## WHAT YOU HAVE TO DO:
Reproduce the records word for word, leaving out any pictures they hold.

..............................

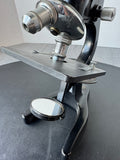 Ernst Leitz Wetzlar No. 331505 Vintage Microscope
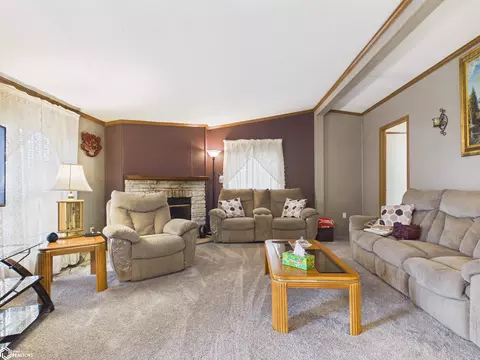 Living - 1971 Oak St, Hamilton, IL 62341 photo 4 of 6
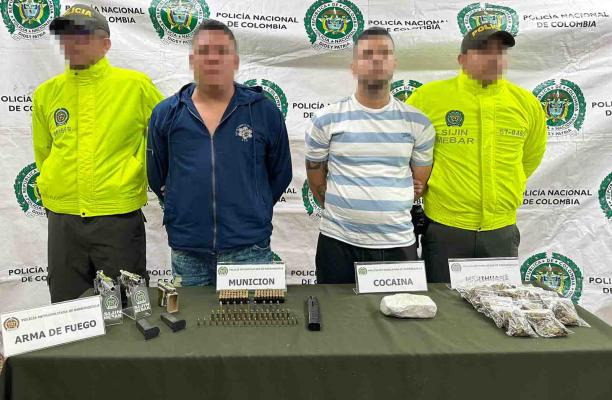 Incautados dos revólveres calibre 38 y una pistola calibre 25 milímetros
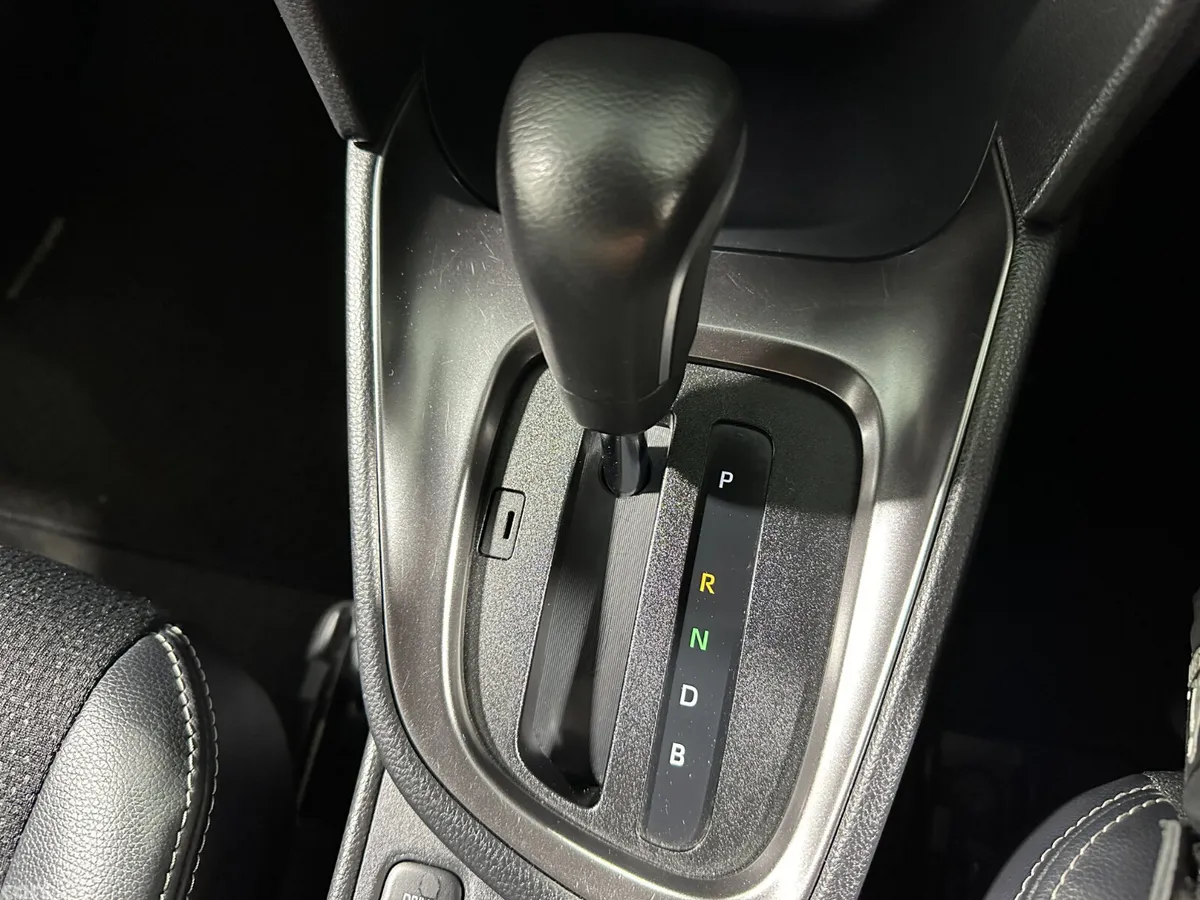 Toyota Yaris Cross Hatchback, Petrol Hybrid, 2024, Beige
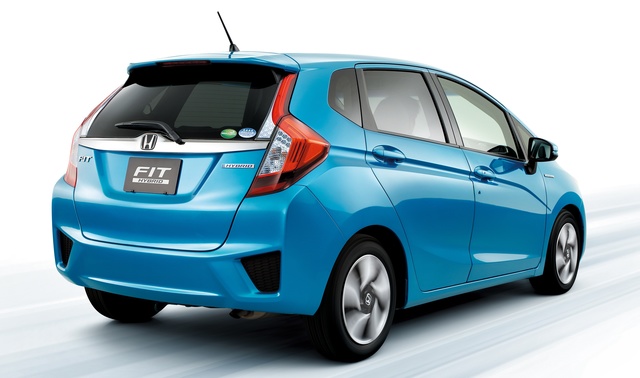 Honda Jazz reviews big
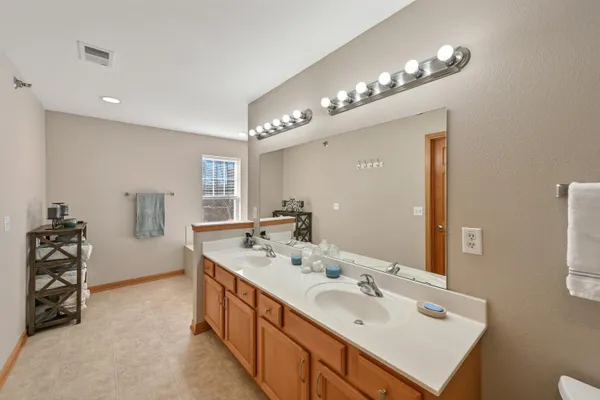 $335,000 | 12248 West Virginia Circle, Unit 7, Franklin, WI 53132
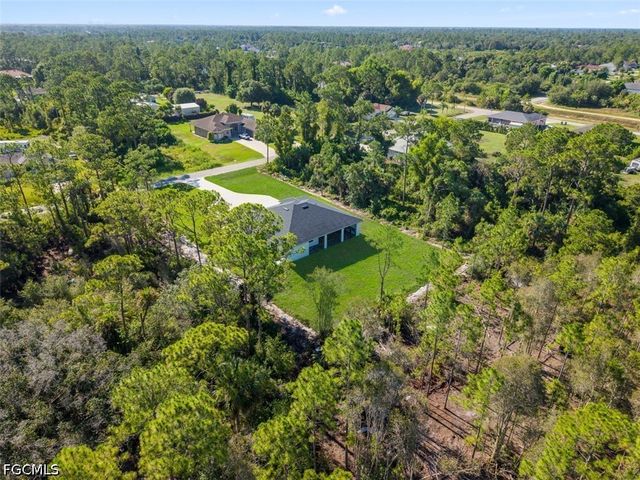 809 Magnolia AVE, Lehigh Acres, FL 33972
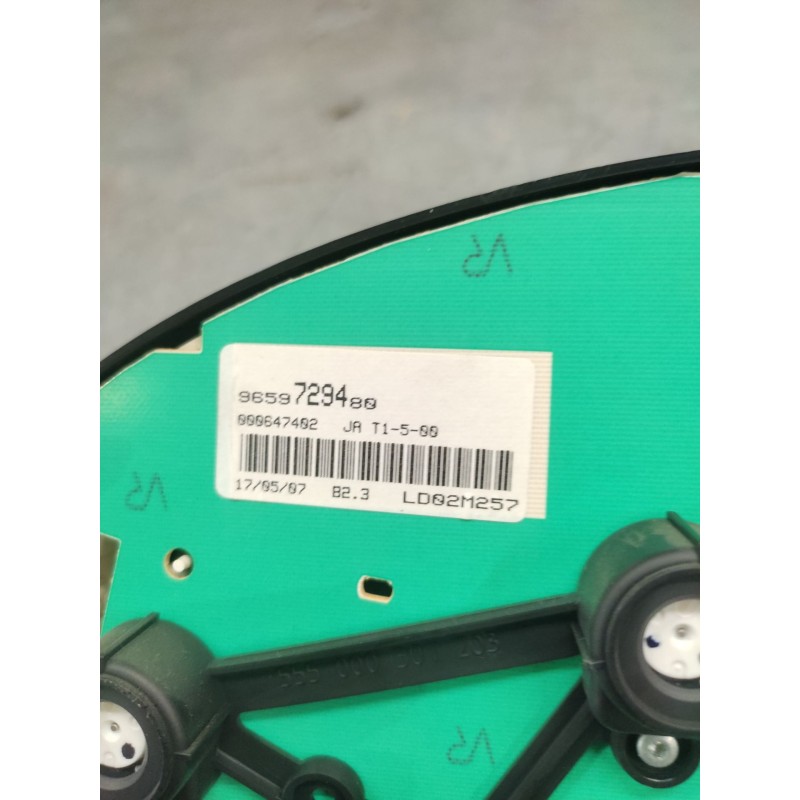 Recambio de cuadro instrumentos para peugeot 206 berlina xs-line referencia OEM IAM 9659729480 - Blanco 2
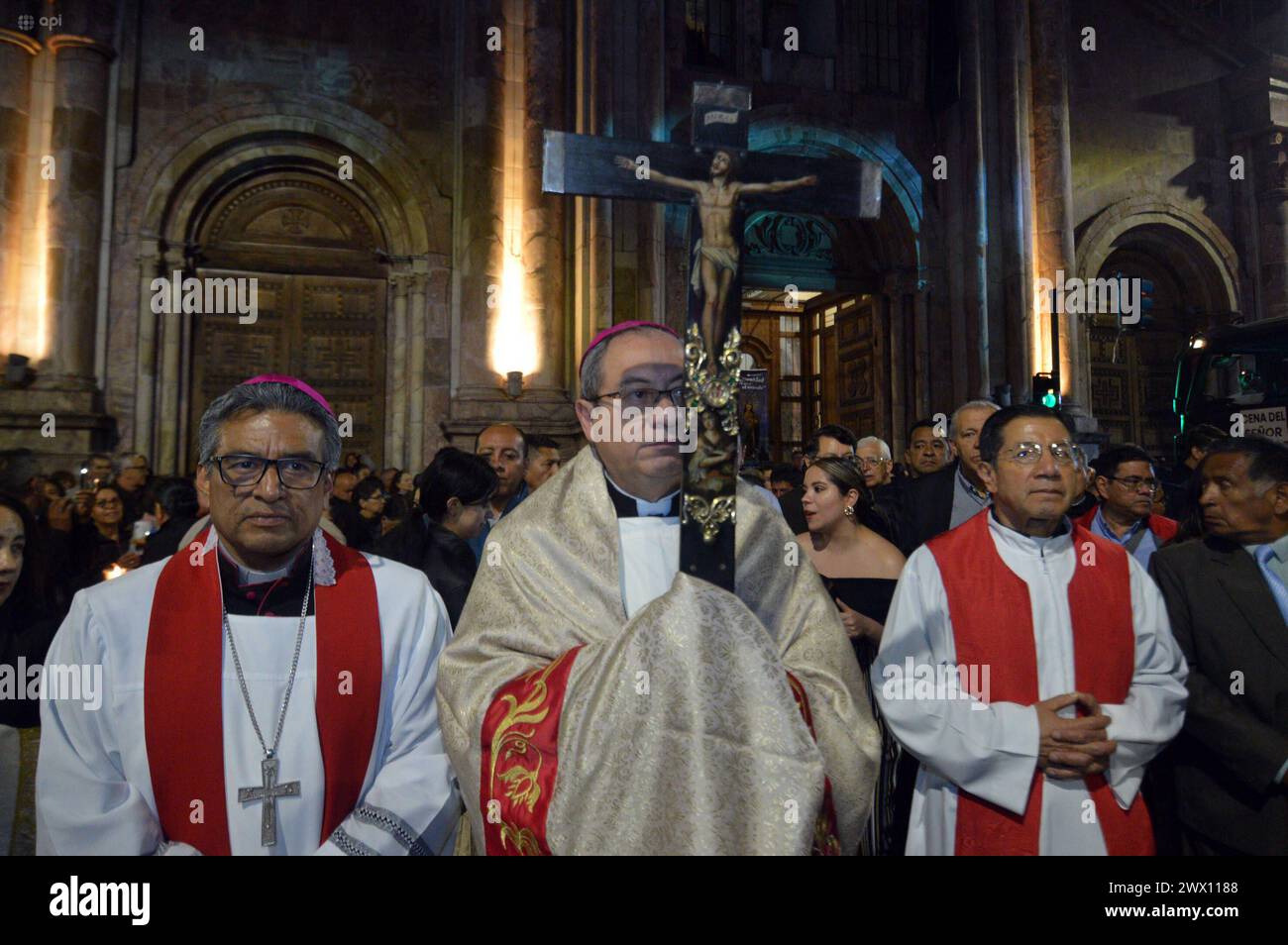 CUENCA-PROCESION DE LOS PASOS Cuenca, Ecuador 26 de marzo de 2024 Luego de 40 anos, fieles de las parroquias del centro historico retoman la procesion de los pasos , en un recorrido que recuerda cada uno de los Momentos y episodios de la pasion de Jesucristo, desde San Blas hasta la Catedral de la Inmaculada Concepcion. Representative en cada paso o conjunto de esculturas religiosas. foto Boris Romoleroux/API. REL-CUENCA-PROCESIONDELOSPASOS-13813b060705cb74caa07d99ff191a73 *** CUENCA PROCESION DEI GRADINI Cuenca,Ecuador marzo 26, 2024 dopo 40 anni, fedeli delle parrocchie della storica Foto Stock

..............................

## WRITTEN ANSWER:
 Ernst Leitz Wetzlar No. 331505 Vintage Microscope
 Living - 1971 Oak St, Hamilton, IL 62341 photo 4 of 6
 Incautados dos revólveres calibre 38 y una pistola calibre 25 milímetros
 Toyota Yaris Cross Hatchback, Petrol Hybrid, 2024, Beige
 Honda Jazz reviews big
 $335,000 | 12248 West Virginia Circle, Unit 7, Franklin, WI 53132
 809 Magnolia AVE, Lehigh Acres, FL 33972
 Recambio de cuadro instrumentos para peugeot 206 berlina xs-line referencia OEM IAM 9659729480 - Blanco 2
 CUENCA-PROCESION DE LOS PASOS Cuenca, Ecuador 26 de marzo de 2024 Luego de 40 anos, fieles de las parroquias del centro historico retoman la procesion de los pasos , en un recorrido que recuerda cada uno de los Momentos y episodios de la pasion de Jesucristo, desde San Blas hasta la Catedral de la Inmaculada Concepcion. Representative en cada paso o conjunto de esculturas religiosas. foto Boris Romoleroux/API. REL-CUENCA-PROCESIONDELOSPASOS-13813b060705cb74caa07d99ff191a73 *** CUENCA PROCESION DEI GRADINI Cuenca,Ecuador marzo 26, 2024 dopo 40 anni, fedeli delle parrocchie della storica Foto Stock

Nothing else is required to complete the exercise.